Zosherafatain "spent the next three years developing the concept and raising money through Kickstarter." After a successful Kickstarter campaign in August 2019 raised $65,000, production began in September 2019 in North Carolina, Texas, Mississippi, and Idaho; filming completed in December 2019.

==Episodes==

| No. | Title | Original release date |
| 1 | "North Carolina" | February 25, 2021 |
High school comes with enough struggles, but Ash also has to deal with painful gender dysphoria and a fear of simply going to the bathroom. But he still believes coming out as trans saved his life and is finding more strength each day.
| 2 | "Texas" | February 25, 2021 |
For Rebecca, a trans woman and Mexican immigrant living on the border, discrimination comes from many directions. Can she live freely in a state with one of the highest immigration detention rates?
| 3 | "Mississippi" | February 25, 2021 |
Meet the owner of the first trans-focused nonprofit in Mississippi. After her friend Mesha Caldwell was murdered for being trans, Evonné started her organization to help protect the trans community in a state that fails to do so.
| 4 | "Idaho" | February 25, 2021 |
Shane Ortega identifies as Two-Spirit, a Native term referring to a person with both a feminine and masculine spirit. The Idaho resident and retired Army veteran believes that trans rights are inextricably linked to the decolonization of America.

==Release==
The series was acquired by Topic, the streaming service for First Look Media, which acquired North American streaming rights to the series. Trans in Trumpland was released on February 25, 2021, on Topic, and is also available on Amazon Prime Video and Apple TV.
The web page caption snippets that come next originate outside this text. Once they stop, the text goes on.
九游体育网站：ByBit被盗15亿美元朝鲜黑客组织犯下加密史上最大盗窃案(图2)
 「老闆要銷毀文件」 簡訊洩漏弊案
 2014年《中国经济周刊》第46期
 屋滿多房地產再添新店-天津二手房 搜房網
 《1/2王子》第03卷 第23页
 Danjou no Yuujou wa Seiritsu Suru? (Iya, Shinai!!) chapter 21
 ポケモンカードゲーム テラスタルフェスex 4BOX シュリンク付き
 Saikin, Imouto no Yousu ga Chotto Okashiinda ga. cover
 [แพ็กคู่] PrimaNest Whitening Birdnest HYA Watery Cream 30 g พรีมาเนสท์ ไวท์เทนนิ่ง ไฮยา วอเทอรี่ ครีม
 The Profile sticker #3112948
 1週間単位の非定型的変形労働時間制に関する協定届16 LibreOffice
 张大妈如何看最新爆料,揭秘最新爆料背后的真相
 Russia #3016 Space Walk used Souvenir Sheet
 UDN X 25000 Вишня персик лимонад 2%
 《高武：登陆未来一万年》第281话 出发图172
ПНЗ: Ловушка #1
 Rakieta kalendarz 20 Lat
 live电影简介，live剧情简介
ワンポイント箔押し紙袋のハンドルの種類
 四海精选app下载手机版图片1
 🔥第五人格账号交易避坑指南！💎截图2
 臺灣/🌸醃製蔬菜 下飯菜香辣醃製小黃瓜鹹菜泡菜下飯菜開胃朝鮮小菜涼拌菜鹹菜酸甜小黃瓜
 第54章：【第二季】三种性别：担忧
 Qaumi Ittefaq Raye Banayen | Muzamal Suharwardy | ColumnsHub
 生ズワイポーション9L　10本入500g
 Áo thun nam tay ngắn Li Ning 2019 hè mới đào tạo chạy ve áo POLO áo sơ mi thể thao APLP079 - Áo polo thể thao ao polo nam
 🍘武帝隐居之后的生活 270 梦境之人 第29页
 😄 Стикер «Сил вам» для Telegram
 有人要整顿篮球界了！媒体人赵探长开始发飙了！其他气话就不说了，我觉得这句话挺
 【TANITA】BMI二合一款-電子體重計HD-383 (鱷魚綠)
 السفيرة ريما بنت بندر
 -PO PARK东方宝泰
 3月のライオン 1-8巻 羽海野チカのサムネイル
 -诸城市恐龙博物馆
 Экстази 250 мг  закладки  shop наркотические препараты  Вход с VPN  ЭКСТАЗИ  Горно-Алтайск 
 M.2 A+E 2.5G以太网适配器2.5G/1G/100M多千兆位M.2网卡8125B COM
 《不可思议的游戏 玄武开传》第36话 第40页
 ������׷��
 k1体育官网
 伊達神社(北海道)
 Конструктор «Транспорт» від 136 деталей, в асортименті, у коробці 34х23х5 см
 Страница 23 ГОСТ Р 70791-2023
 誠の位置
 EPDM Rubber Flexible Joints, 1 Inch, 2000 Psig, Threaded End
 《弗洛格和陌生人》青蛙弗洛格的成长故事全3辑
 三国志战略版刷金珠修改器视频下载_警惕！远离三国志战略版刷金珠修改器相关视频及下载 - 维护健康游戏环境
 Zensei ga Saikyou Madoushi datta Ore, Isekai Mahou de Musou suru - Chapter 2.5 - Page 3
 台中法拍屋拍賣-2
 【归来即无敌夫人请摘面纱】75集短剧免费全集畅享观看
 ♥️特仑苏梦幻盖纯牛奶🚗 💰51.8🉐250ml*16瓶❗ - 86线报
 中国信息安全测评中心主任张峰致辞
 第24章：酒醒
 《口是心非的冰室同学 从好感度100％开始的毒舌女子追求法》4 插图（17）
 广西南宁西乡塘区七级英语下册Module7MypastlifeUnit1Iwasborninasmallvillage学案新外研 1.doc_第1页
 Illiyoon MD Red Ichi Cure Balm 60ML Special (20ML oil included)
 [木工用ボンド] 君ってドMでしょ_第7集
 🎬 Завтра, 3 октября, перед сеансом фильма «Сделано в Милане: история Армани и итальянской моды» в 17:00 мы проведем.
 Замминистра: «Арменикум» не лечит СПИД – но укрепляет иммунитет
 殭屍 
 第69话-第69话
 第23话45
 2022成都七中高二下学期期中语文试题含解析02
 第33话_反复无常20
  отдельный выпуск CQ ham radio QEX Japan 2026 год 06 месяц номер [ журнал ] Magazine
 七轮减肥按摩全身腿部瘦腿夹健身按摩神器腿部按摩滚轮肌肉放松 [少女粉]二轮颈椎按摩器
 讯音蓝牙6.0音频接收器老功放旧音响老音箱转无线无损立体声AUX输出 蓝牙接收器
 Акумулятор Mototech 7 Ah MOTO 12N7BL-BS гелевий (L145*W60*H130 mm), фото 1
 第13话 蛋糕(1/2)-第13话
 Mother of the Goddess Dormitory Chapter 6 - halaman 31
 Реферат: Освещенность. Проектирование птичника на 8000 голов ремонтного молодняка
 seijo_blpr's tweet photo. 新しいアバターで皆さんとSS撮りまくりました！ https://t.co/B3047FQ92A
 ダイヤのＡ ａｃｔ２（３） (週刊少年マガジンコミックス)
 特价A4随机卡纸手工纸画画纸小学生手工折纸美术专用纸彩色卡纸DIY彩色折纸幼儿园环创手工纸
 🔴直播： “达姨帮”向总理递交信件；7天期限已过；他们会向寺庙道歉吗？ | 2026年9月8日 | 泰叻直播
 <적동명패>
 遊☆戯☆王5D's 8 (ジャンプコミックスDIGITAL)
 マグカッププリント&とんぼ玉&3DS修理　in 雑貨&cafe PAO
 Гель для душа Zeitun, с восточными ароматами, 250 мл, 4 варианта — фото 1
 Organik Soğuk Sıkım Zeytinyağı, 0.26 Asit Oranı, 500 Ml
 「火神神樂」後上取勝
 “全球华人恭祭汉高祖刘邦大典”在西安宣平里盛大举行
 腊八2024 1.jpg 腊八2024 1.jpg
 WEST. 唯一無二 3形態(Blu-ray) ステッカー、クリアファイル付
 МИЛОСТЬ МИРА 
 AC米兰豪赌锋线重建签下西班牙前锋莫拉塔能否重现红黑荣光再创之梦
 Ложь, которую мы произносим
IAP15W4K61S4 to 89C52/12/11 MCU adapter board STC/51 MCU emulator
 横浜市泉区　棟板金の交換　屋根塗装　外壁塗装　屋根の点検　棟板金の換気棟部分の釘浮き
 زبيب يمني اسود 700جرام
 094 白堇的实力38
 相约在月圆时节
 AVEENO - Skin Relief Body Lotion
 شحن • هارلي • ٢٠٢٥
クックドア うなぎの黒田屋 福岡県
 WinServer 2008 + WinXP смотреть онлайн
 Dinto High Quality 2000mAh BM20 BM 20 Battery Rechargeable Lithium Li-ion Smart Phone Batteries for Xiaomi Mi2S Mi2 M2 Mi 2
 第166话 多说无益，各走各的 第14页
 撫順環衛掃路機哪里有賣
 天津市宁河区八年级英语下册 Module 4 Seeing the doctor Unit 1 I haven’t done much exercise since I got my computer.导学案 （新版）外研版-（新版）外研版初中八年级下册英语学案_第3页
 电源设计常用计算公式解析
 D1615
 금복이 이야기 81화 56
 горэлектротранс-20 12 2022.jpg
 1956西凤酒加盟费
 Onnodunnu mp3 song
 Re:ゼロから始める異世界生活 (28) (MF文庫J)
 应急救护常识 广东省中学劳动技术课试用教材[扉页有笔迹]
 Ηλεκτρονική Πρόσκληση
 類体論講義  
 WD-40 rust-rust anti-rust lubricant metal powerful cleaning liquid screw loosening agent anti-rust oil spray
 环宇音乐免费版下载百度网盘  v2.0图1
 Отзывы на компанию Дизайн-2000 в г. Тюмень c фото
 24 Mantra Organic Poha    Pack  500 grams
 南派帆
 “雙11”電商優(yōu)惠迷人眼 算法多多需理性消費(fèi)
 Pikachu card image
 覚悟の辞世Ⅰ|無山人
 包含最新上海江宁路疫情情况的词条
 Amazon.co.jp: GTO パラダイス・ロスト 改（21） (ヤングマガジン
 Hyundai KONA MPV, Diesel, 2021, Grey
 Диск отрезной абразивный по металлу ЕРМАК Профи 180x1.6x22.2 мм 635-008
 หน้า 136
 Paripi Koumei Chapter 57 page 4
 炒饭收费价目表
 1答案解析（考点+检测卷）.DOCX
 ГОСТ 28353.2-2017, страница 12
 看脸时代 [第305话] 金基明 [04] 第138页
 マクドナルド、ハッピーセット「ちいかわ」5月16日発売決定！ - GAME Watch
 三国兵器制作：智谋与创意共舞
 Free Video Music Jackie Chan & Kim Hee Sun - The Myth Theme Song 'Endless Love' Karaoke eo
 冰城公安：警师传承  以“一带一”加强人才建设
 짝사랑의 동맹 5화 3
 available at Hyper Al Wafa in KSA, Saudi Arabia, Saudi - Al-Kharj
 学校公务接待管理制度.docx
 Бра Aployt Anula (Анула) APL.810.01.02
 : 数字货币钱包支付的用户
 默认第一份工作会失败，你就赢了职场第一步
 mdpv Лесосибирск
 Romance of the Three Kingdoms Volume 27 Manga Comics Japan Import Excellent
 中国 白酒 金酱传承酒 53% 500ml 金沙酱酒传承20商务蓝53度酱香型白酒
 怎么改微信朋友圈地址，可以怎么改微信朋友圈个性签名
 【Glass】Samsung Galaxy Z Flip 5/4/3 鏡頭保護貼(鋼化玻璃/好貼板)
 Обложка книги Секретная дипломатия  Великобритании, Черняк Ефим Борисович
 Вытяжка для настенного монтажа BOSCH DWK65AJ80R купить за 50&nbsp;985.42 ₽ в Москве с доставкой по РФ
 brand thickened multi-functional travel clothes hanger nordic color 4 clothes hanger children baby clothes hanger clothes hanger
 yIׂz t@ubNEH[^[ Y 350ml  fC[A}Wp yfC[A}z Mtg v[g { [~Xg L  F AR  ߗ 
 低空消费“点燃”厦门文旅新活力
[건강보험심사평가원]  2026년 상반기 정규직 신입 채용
Though the series premiered after Trump was no longer President of the United States, Zosherafatain believes that the issues raised in the series regarding transgender policies will remain relevant in the future.

==Reception==

Trans in Trumpland has received critical acclaim. Allsion Shoemaker and Saloni Gajjar of The A.V. Club wrote that the series is "a step beyond negative headlines, offering a glimpse into the lived experience of those directly affected by laws such as the discriminatory HB2 bill, which prohibits trans people from using bathrooms and lockers that align with their gender identity, or the trans military ban," and "this docuseries is a heartfelt must-watch." Writing for Vogue, Liam Hess summarized the effectiveness of the series, stating, "the four stories come together to form a rich and moving tapestry, touching on how trans people across a range of intersectional identities have responded to the challenges of living under the Trump administration—as well as their hopes for and vision of the future." Benedict Nguyen of Vanity Fair called the series "a vital contribution to the trans media canon" but that the series "could have told more complex stories, covering an even wider breadth of experience or addressing the violence of Trump-era policies in more depth."

LGBTQ+ media strongly praised the series. Johnny Yates of PinkNews described Trans in Trumpland as "a powerful new documentary that puts the spotlight on transgender lives in the Trump era...everyone needs to watch it." Xoai Pham of Autostraddle stated, "rather than simply presenting the culture of violence, the series' creator Tony Zosherafatain delivered a resounding celebration of the relationships that sustain trans lives" and that "we are in a new wave of visionary trans filmmaking, with documentaries like Disclosure, feature films like Lingua Franca, and TV shows like Veneno. Remarkably, Trans in Trumpland is no exception."